Quale l’attesa dei cristiani turchi?
“Come sempre in questi casi la comunità si mobilita per offrire la migliore delle accoglienze, per cogliere il senso di ogni parola e gesto del Papa. C’è grande fermento e non solo di tipo organizzativo. Il cuore incandescente di questa attesa è, come credo avvenga per le comunità di qualsiasi angolo del pianeta, avvertire con concretezza l’abbraccio della Chiesa universale, che ti dice ‘non sei solo, siamo un popolo in cammino’.

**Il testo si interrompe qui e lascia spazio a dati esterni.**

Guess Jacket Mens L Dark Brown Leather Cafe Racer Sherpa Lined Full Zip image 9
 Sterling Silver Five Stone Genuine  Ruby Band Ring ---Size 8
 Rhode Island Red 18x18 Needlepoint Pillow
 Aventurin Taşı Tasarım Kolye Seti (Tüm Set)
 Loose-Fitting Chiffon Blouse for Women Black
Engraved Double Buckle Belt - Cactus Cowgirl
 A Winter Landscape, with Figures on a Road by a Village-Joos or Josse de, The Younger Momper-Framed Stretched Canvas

Ma dalle voci che Oasis ha potuto ascoltare tra i cattolici in Turchia, emerge in più un desiderio generato dalla condizione di minoranza in cui vivono: essere aiutati a riconoscere il senso della loro presenza in un Paese che manifesta spesso indifferenza nei loro confronti. Dopo le ferite profonde subite, basti ricordare gli omicidi di don Andrea Santoro e di mons. Luigi Padovese, in questi ultimi anni ciò che grava sempre più come un peso insopportabile è l’indifferenza.

Questa piccola minoranza, tra le altre minoranze che caratterizzano il tessuto della nazione, in gran parte non riconosciuta giuridicamente è trattata come irrilevante. Se decidessero di andarsene tutti, chi in Turchia si alzerebbe per tentare di trattenerli? Eppure non è possibile cancellare un’eredità di secoli così, lasciarla scivolare nell’oblio dell’indifferenza. Tutti ci perderebbero”.

Quale è la politica del governo di Erdogan verso il cristianesimo?
“A questo proposito c’è una narrativa delle parole e poi c’è la realtà dei fatti. La prima è sempre molto positiva, ottimista e bene augurante: Erdogan a parole è molto rispettoso, da anni avanza promesse sulla riapertura del seminario della Chiesa ortodossa nell’isola di Halki, per citare un esempio, o appunto sulla riconsegna al culto della chiesa di San Paolo a Tarso, ridotta a museo e dopo tante trattative concessa per celebrare la messa solo in determinate circostanze.

Ma i fatti dicono altro. Un piccolo esempio: lo scorso settembre è entrata in vigore la riforma della scuola che tra l’altro impone l’insegnamento e l’educazione religiosa coranica a tutti i tipi di scuole, di ogni ordine e grado, mentre fino a ieri era limitato ai licei religiosi. C’è chi descrive questo atteggiamento del nuovo presidente come ‘neo-ottomano’: concede ‘protezione’ alle minoranze, partecipa con magnanimità ad alcune delle loro feste religiose, ma tutto si ferma a gesti simbolici.

Nulla è stato fatto a proposito del riconoscimento di personalità giuridica della Chiesa cattolica di rito latino, questione che come accennato ha ricadute pesanti sul diritto di proprietà, sui permessi di residenza per sacerdoti stranieri, sulla possibilità di trovare un lavoro, per citare le implicazioni più gravi. Mentre il Paese continua a crescere economicamente, con l’ultima elezione diretta del presidente, Erdogan è uscito confermato nel suo potere.

Ha sbaragliato le opposizioni e in previsione c’è una riforma del sistema elettorale che gli garantirà probabilmente di restare al potere fino al 2023. Che fastidio gli può dare un piccolo resto di cristiani?”